What is the truthful answer? Here is what economist and now Australian parliamentarian Andrew Leigh told Irvine:
‘‘Economically, the answer to this is easy,’’ says Andrew Leigh, a federal Labor MP awarded the Economic Society of Australia’s young economist of the year award last year. ‘‘You’re solving an ‘optimal stopping’ problem. You know you’ve found ‘the one’ when you determine that the expected quality of all future matches is lower than the value of your current partner.”
You see the problem. Economics tells you that you should eventually settle in your search for a spouse.

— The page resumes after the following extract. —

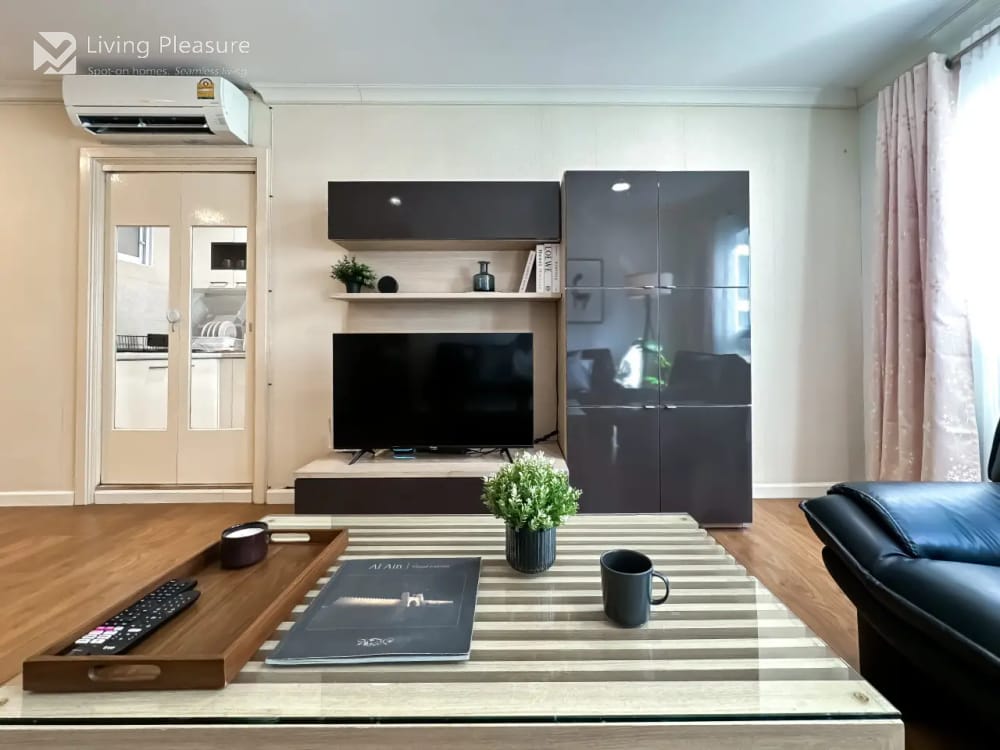 Lumpini Suite Sukhumvit 41 | Spacious 2-Bedroom Apartment | Ultra-Fast WiFi | Private Pool | Phrom Phong 5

But for the Economist saying it, doesn’t that imply that he settled as well?
Leigh realized his problem and so immediately went what we could term the ‘sap route.’

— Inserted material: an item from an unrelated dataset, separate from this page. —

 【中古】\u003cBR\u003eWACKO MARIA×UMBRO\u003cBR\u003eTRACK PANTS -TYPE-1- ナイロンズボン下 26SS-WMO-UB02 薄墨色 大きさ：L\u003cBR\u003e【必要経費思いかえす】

In my case, I knew I wanted to pop the question to Gweneth [Leigh’s wife] because she made my heart beat faster each time she entered the room.
At this Olympian time, I believe we can score this using a diving analogy. The whole exercise had a degree of difficulty but there was some splash associated with Leigh’s re-entry. Basically, his answer was completely unrelated to the conundrum. Leigh appears to say that he settled but knows why he settled. By referencing the heart he alludes to abandoning his economic mind but we can’t really be sure.
Now let’s turn to the attempt by Rory Robinson. He is an economist but in the private sector:
A similarly sweet, but matter-of-fact, assessment is offered by Rory Robertson, a leading financial markets economist, of his wife. ‘‘In the process of choosing, my assessment was that my wife had the highest weighted-average of all the things I felt were important: looks, ‘compatibility’, kindness, inherent optimism, competence, diligence, and general enthusiasm for a happy life and family.’’
When I ask if he considers it fortunate his wife also assessed him as having the highest weighted-average of her preferences, Robertson replies: ‘‘Something like that, I’d like to think!’’
Robinson offers a longer CV for his partner’s attributes but ultimately is hedging. Again a splash.
Now you might be interested in what a disaster looks like. If so, let’s watch Tim Harcourt, author of The Airport Economist:
‘The economics of love or marriage is like search theory in the labour market. You start out with preferences about what you may like in a partner, but over time you may, if searching unsuccessfully, drop your ‘‘reservation wage’’ – ie lower your standards – to settle on a job or love match. I have a lot of great, smart, good-looking female friends in Sydney who seemed to have had to reduce their reservation wage over time.”
Oh dear. While he gets points for accuracy, in terms of any ‘at home constraint’ I think this one belly flopped. To be sure, Harcourt may have been quoted out of context but you can see just how difficult this exercise is.
Of course, you are by now wondering how I did at this dive. I guess the fact that I am drawing your attention and my spouse’s attention to it gives the answer. While it wasn’t published my opening set-up was this.
… Dateonomics is about finding the right ‘other parent’ for your future children. Economics has a lot to say about that in much the same way it has a lot to say about finding the right employees for your business.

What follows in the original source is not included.